▸ **Task directions**: Go through the listing below. Copy each line that has the string "Denim".

▸ **Material provided**:
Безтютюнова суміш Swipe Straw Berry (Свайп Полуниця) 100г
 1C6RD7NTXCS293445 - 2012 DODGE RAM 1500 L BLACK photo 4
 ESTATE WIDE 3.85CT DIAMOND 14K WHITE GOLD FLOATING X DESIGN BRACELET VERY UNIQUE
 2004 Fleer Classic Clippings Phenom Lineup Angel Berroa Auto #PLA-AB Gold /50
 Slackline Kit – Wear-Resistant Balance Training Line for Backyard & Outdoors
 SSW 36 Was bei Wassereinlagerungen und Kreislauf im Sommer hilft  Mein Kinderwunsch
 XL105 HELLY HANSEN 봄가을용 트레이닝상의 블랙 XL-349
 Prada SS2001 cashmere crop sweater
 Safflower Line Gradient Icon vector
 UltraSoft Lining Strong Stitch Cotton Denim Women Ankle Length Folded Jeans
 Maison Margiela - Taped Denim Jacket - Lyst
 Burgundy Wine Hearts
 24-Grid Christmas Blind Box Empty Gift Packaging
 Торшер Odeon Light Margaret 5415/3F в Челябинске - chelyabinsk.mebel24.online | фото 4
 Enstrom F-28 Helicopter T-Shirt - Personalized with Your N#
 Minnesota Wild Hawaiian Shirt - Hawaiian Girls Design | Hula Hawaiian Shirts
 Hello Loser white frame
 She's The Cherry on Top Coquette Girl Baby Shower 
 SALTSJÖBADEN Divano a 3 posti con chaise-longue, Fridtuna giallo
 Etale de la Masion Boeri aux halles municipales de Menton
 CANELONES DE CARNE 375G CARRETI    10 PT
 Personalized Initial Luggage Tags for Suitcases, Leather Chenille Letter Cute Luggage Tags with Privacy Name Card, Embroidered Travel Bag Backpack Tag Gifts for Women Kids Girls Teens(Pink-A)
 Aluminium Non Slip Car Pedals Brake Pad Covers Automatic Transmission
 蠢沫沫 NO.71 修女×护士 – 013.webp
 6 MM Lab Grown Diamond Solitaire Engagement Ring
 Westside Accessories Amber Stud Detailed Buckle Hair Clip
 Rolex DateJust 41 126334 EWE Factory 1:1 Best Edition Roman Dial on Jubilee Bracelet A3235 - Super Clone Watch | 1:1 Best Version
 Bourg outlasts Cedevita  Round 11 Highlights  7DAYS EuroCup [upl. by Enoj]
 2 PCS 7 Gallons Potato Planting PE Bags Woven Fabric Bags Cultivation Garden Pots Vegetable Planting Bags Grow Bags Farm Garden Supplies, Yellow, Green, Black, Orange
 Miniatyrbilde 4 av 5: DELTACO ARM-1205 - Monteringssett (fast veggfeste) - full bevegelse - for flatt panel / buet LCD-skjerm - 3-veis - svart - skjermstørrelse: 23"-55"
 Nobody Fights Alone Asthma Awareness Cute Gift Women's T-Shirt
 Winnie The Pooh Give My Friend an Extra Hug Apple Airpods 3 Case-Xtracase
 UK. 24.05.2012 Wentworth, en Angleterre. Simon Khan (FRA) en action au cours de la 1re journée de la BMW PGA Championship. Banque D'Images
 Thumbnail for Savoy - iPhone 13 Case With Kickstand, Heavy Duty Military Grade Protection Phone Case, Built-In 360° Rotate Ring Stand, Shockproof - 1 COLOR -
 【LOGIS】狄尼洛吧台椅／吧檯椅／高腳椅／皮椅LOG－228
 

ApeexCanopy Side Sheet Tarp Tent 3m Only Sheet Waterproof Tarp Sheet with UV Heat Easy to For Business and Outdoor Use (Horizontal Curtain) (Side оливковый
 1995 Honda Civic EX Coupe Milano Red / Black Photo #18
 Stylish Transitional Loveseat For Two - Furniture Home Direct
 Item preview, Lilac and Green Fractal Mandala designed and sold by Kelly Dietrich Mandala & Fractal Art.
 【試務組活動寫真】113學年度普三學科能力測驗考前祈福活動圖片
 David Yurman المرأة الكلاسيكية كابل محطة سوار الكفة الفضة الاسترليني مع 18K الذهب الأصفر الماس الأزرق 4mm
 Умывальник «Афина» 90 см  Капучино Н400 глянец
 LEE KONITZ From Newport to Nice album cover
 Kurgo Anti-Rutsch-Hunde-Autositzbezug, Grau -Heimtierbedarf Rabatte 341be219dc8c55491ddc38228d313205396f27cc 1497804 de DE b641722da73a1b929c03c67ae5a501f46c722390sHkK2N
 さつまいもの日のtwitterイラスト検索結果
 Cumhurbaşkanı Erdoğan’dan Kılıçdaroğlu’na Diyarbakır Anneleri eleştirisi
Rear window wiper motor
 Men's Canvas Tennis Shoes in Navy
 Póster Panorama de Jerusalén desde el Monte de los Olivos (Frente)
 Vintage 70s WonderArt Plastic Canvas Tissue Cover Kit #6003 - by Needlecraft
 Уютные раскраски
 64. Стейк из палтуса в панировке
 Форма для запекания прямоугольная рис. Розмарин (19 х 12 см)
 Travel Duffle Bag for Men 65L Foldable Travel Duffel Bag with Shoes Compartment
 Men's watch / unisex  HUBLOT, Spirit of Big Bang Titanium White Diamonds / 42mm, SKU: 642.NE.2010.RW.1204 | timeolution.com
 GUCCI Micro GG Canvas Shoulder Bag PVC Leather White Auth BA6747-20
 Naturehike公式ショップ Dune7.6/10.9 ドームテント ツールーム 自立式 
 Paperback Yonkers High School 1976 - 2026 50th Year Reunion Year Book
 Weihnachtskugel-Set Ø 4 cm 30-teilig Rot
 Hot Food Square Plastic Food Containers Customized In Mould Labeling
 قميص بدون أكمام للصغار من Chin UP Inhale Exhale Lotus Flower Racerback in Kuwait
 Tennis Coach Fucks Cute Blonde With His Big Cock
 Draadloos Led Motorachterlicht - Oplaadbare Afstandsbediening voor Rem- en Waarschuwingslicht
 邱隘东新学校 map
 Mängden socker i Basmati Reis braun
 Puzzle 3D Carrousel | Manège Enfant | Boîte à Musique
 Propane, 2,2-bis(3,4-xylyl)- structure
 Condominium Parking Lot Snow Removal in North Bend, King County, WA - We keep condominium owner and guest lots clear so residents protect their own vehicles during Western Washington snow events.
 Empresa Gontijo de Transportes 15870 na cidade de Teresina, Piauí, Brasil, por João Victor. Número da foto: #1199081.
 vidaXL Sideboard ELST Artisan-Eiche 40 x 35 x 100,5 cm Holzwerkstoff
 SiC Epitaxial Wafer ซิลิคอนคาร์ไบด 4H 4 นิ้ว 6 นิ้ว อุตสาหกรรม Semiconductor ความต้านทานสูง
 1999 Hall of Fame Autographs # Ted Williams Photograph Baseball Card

▸ **Response**:
 UltraSoft Lining Strong Stitch Cotton Denim Women Ankle Length Folded Jeans
 Maison Margiela - Taped Denim Jacket - Lyst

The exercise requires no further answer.